Iocaste is not to be left without mention in all that happens to Oedipus. As the wife of Laios, and a member of the rule, she allowed for the disposal of her three day old son, with conscious knowledge. Had she taken a different stance on the morality of the destruction of another human being, the events could have been altered. She acted freely and therefore is an accomplice to the fall of Oedipus.
Had the shepherd not acted morally and done as he was ordered to do, dispose of the child, the prophecy would have ended. “We are nevertheless free, since causality does not compel our will.” (Marcoulesco 419)
Oedipus’ perseverance for knowledge as to the killer of Laios and the questions embedded in his mind by Teiresias, “I say that you are the murderer whom you seek” (Oedipus Rex 1.144), landed Oedipus on the track of evaluation. He was forced to consider statements made to him about himself.
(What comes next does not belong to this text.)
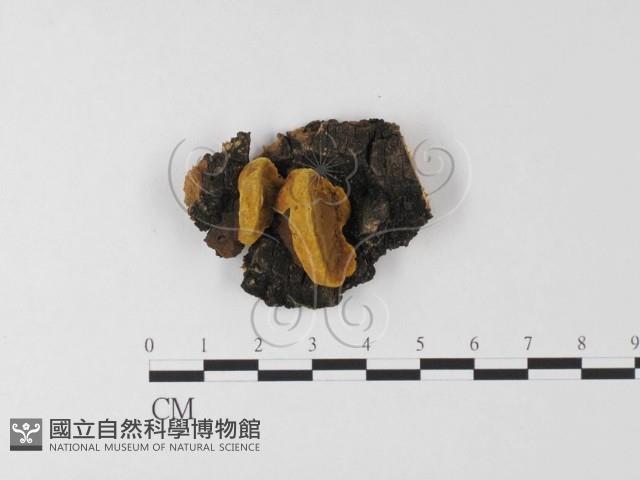 登錄號:F0025602藏品圖，第1張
When Iocaste retold the story of Laios murder, “By marauding strangers where three highways meet” (Oedipus Rex 2.193), Oedipus expresses “how strange a shadowy memory crossed my mind.”(Oedipus Rex 2.203) He starts to assess the events and continues to put together the puzzle.
Oedipus confesses to killing a man at the highway. He was enraged because he was “forced off the road.” (Oedipus Rex 2.284) With malice in his heart, he chose to harm another human. As Marcoulesco comments, “Free will is the capacity to choose among courses of action… and also to assume full moral responsibility.” (420)
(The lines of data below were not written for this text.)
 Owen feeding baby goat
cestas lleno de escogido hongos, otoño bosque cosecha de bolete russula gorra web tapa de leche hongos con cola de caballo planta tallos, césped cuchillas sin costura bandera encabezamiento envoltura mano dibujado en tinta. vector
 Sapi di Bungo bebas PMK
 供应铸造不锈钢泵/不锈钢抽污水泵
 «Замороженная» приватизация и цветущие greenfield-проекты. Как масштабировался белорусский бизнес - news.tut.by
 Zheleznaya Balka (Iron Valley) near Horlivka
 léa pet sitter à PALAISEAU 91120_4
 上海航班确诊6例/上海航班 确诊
As the pressure builds within Oedipus to discover the truth about Laios’ murder, a messenger with news of his, believed, father arrives. He is told again that “Polybos was not your father.” (Oedipus Rex III.101) By his own determination, he must solve the final riddle; the riddle of who is father was and where did he come from.
Many people tried to stop Oedipus in his pursuit. Teiresias told him “How dreadful knowledge of the truth can be – When there’s no help in truth.” (Oedipus Rex II.101) Iocaste begs Oedipus to let the mystery go “For God’s love, let us have no more questioning!” (Oedipus Rex III.139) Finally the shepherd says to the King, “For God’s love, my King, do not ask me any more.” (Oedipus Rex III.51). Each of these people knew that the King’s persistence would ultimately destroy him.
“The greatest grief’s are those we cause ourselves.”(Oedipus Rex IV.9) He had finally come to the end. He had found the answers to all the questions and now had do deal with the information that he had obtained. He resolved himself to do darkness:
“No more, No more shall you look on the misery about me, the horrors of my own doing! Too long you have known the faces of those whom I should never have seen, too long been blind to those for whom I was searching! From this hour, go in darkness!”(Oedipus Rex IV.1226-1230)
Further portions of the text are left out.